If the Network simply accepted any Vault that wanted to join, it would likely either be targeted by a botnet attack or an attacker might attempt to set up an overwhelming number of malicious nodes initially whilst the Network size is small at launch. The Network must be able to balance this supply of Vaults itself to avoid there being a large number of nodes that have very little data, as this would push the farming rates down.

14
Rank nodes over time and increase trust in higher ranked nodes

A crucial part of Node Ageing (one of the ways by which the SAFE Network prevents Sybil attacks) comes from the fact that the Network is designed to only permit the most trustworthy nodes within each of the Close Groups to vote on the decisions in the Network.

15
Not have servers

The SAFE Network will never rely on servers (as the term is traditionally understood) as to do so introduces a third party weakness that undermines the entire Network.

16
Digitally sign all transactions

By ensuring that all transactions are digitally signed, the Network is able to ensure that the transactions have been authorised in accordance with the rules of the Network.

17
Ensure that Client-to-Client direct messages are free. It will charge, however, for Client-to-Client messages involving traversal through the SAFE Network

Clients are software programs that allow users to connect to the SAFE Network. There will never be charge levied by the Network if messages are sent directly between two Clients. However, any indirect messages that are sent between Clients that involve travel across the Network will carry a cost.

18
Not use any clearnet service

In order to successfully introduce a new accessible security paradigm for everyone online, you will never have to use a clearnet service in order to use the Network.

19
Never use time as a network tool (although nodes may use local durations)

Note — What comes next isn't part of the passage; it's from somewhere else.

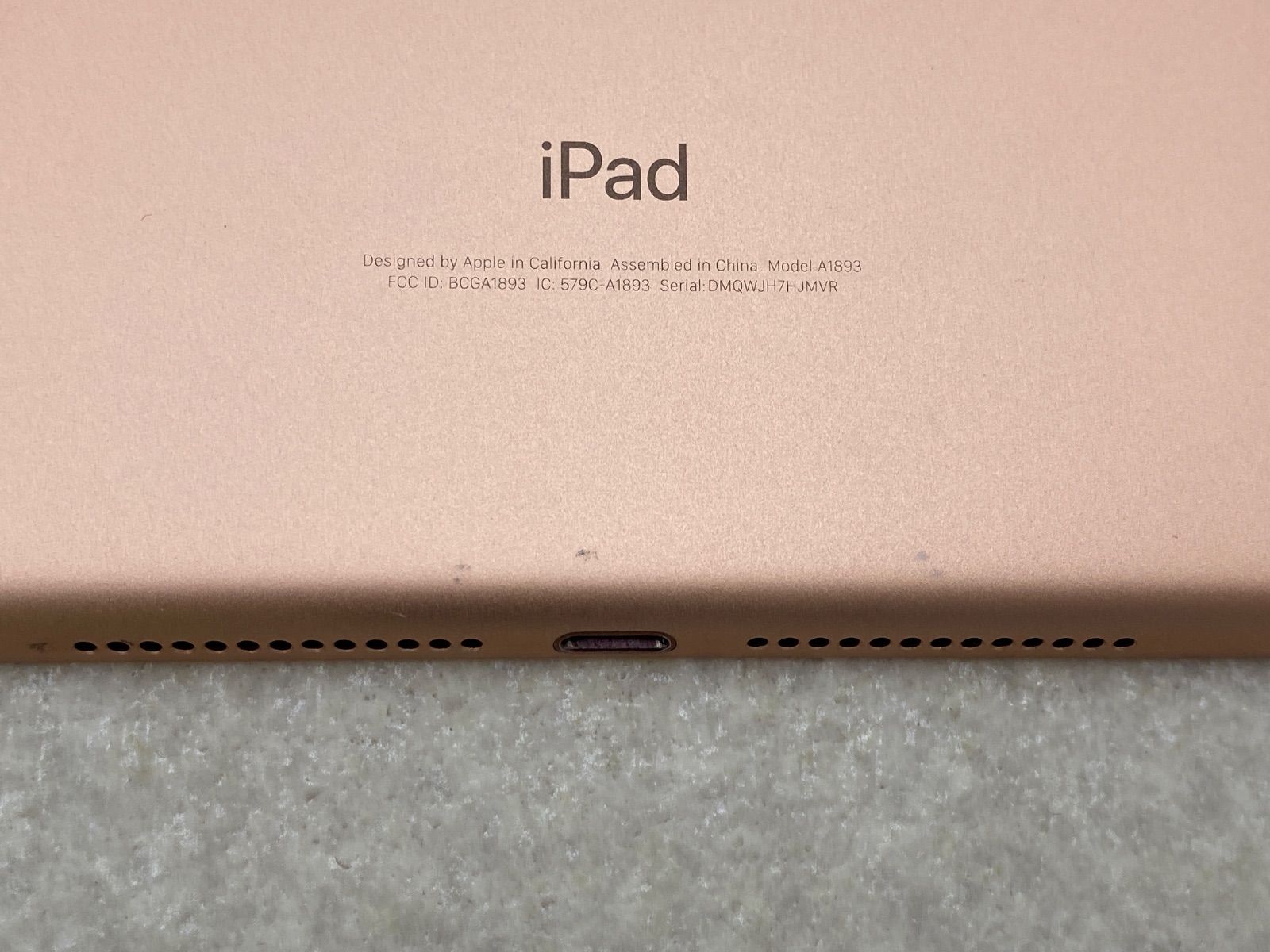 バッテリー88%】iPad 第6世代 32GB Wi-Fiモデル A1893 アク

There is no concept of time in a decentralised network such as SAFE unless it reaches out to centralised servers and services. SAFE uses a completely event-driven paradigm to circumvent the need to try and synchronise and then use time periods as valid tools on the network. These periods require magic numbers which would need to be set by developers and this is something the Network avoids with rigour.

20
Only ever use encrypted services and encrypted traffic

Services or traffic must be encrypted if they are to be used by the SAFE Network.

21
Allow real-time upgrades in a secure manner (i.e the Network will refuse upgrades that could break it)

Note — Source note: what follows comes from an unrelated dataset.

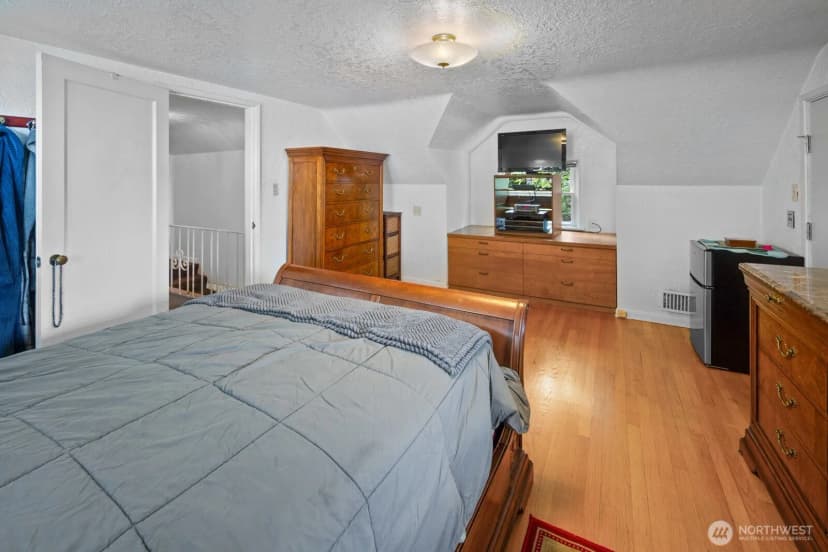 Property photo for 10445 Marine View Drive Sw, Seattle photo 18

The Network must be able to roll out improvements which are compatible with at least the previous version of the Network software, in order to ensure that the new iteration is an improvement in practice. As this will require significant effort, each node may run upgrades in parallel to existing working code before upgrading.

Safecoin

A.
Safecoin is the unique incentivisation mechanism built into the SAFE Network. All Safecoins are recycled when they are paid to the Network in exchange for resources. On launch, Safecoin will be distributed as follows: (1) Pay the creators of the Network (MaidSafe shareholders) 5% of the total Safecoin; (2) Pay the 2014 crowdsale investors of the Network 10% of the total Safecoin.
B.
Safecoin will be distributed on an ongoing basis: (1) Pay Vaults for providing service (85% of rewards); (2) Pay developers who produce apps that people use (10% of rewards); (3) Pay the maintainers of the Network code (5% of rewards)

Note:

Whilst the above explanation is a handy approximation of the split, the rewards will in fact be dynamically adjusted according to the Farming Rate determined by the Network:

  • Farmers who run the Vaults are paid at 100% of the Farming Rate for all GETs on the Network. I.e. 86.95% (100/115) of all rewards.
  • Application Developers are paid at 10% of the Farming Rate for all GETs on the Network (that relate to their applications). I.e. 8.695% (10/115) of all rewards.
  • Maintainer Developers are paid at 5% of the Farming Rate for all GETs on the Network. I.e. 4.348% (5/115) of all rewards.